Feel like 2004, anybody? "The Democratic Party is struggling to raise money for its convention in Denver on Aug. 25-28, with fund-raising by the host committee falling far short of the party's goals and lagging behind the Republicans' efforts for their convention in Minneapolis-St. Paul," Leslie Wayne writes in The New York Times. "So far, the Denver host committee is about $15 million short of the $40.6 million it must raise by June 16. With only $25 million raised so far, the committee is scrambling to offer a new round of special deals for corporate underwriters, as well as to devise a backup plan should the fund-raising fall short and plans for the convention need to be scaled down."

How did we get to this point in the Democratic race? Remember those last three weeks of February -- when Obama netted 121 pledged delegates. "Who knows where we'd be today if Clinton had had a post-Super Tuesday strategy," ABC's Jake Tapper writes. "Ready on Day 67."

Jon Ralston welcomes McCain to Nevada (and the Yucca Mountain issue) Wednesday, in his Las Vegas Sun column. "As John McCain, alighting in Reno today, tries to woo Nevada voters, he is hoping for the kind of short-term memory loss Christopher Nolan wrote about and filmed in 'Memento,' " Ralston write. "McCain is an enthusiastic supporter of nuclear power and a fervent backer of Yucca Mountain as a suitable storage site. The evidence is plentiful."
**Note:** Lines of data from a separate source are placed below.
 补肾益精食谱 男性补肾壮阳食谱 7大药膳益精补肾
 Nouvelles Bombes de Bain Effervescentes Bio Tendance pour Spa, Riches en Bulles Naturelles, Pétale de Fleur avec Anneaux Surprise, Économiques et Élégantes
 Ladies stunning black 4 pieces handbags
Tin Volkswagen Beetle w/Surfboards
The Rezko jury is working late this week, per the Chicago Tribune.

Trail romance: Rep. Anthony Weiner, D-N.Y., is dating Clinton's "body woman," Huma Abedin, "Vogue model and 'mythical figure' who hushes reporters with a glance," per Helen Kennedy of the New York Daily News.

Next at the Bush ranch -- a gay wedding? "So, can we borrow it for our wedding, can we get the ranch?" Ellen DeGeneres asks Jenna (Bush) Hager in the episode of her program set to air Wednesday. "Sure," replied Hager.

Veepstakes:

Bloomberg News' Indira A.R. Lakshmanan profiles Carly Fiorina, a McCain loyalist who's playing an inside-an-outside role for McCain. "By John McCain's own admission, the economy isn't his strong suit," Lakshmanan writes. "The ace up his sleeve may be a polished corporate executive ranked six times as the U.S.'s most powerful businesswoman, who's also among the most controversial."
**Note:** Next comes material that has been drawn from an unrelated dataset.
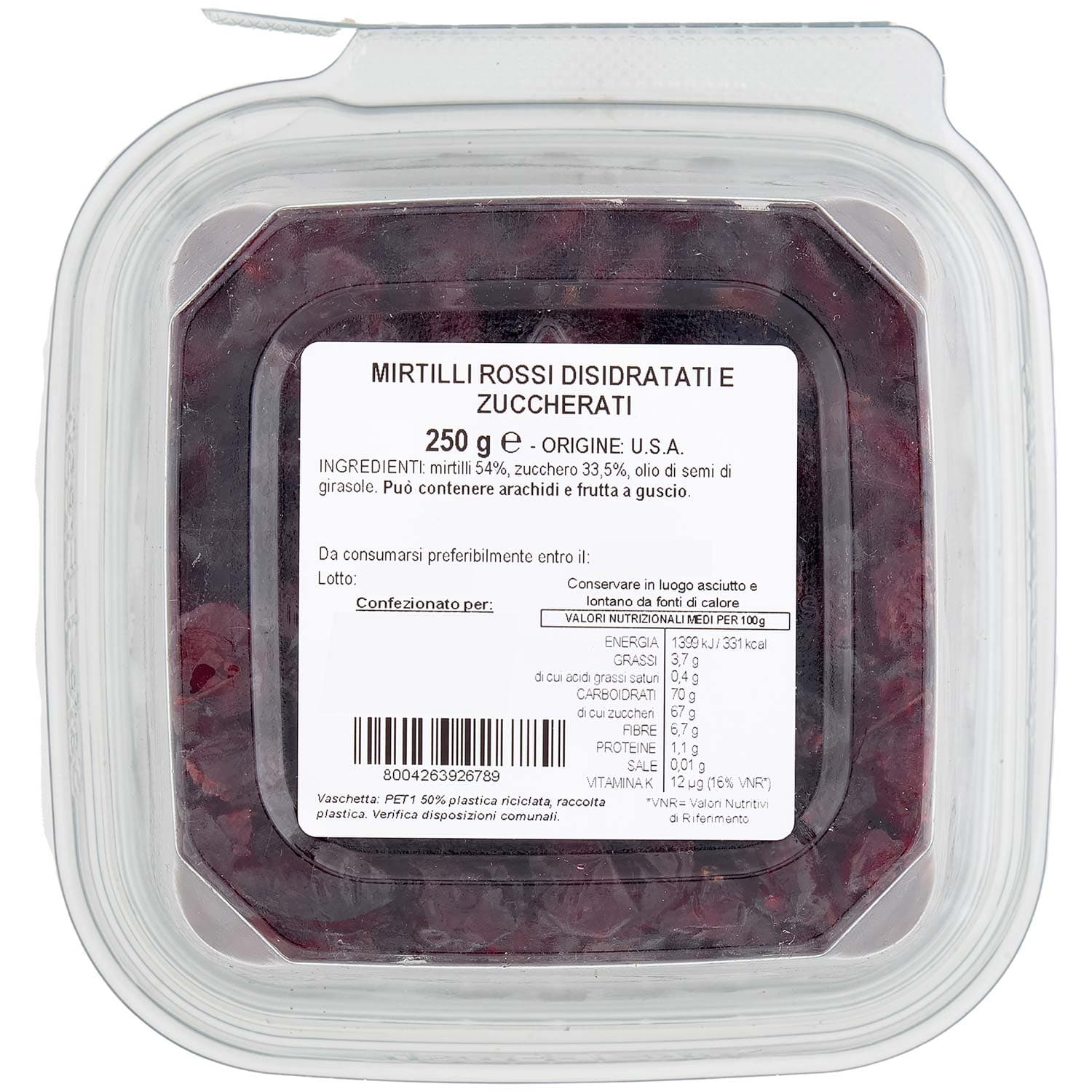 PAM Mirtilli Rossi Disidratati 250 g – immagine 4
The Boston Herald's Howie Carr remembers that McCain and Romney sort of don't like each other -- not that Romney minds seeing his name in the mix: "He doesn't smoke, he doesn't drink, he doesn't gamble, he doesn't run around, but he's got one addiction," Carr writes. "He's addicted to running for president."
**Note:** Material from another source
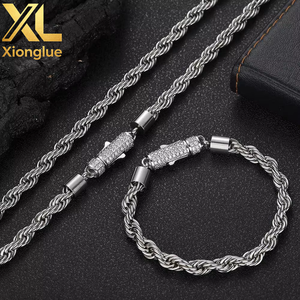 Collier unisexe en acier inoxydable de 6 mm, 0,3 m, plaqué or, avec boucle torsadée - Product Image 2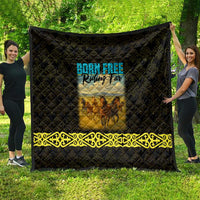 Kazakhstan Born Free Riding Far Quilt with Wild Horses and Gold Tribal Pattern on Black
Sen. Jim Webb, D-Va., talks veepstakes with Deborah Solomon in the forthcoming New York Times Magazine. He says he hasn't talked "about any of this" with Obama, and had this to say about the possibility of putting Wesley Clark on a ticket: "This isn't personally anything negative, but again it's a real risk to bring somebody in who hasn't held office. Other than Eisenhower, the great military leader in that incredible World War II experience, you're going to want someone on your ticket who's demonstrated he can get votes."

The Hill's J. Taylor Rushing does some Webb handicapping: "Whether he wants to talk about it or not, Webb continues to be discussed as a running mate, specifically for Obama. He offers plenty to balance the Illinois Democrat's weaknesses -- Webb is a decorated Vietnam veteran, a pro-gun former Republican who worked in the Reagan White House and who could help deliver Virginia into the Democratic column."

The Kicker:

"I remember thinking to myself, 'How can that be?' " -- Former White House press secretary Scott McClellan, disbelieving President Bush's claim that he "honestly" couldn't remember whether he'd ever used cocaine.

"What better illustrates John McCain's record of bipartisanship than his reaching out to an apparent supporter of one of his political opponents." --McCain spokesman Tucker Bounds, to the New York Post, referring to a campaign ad that shows McCain shaking hands with a woman wearing what appears to be an Obama for President button.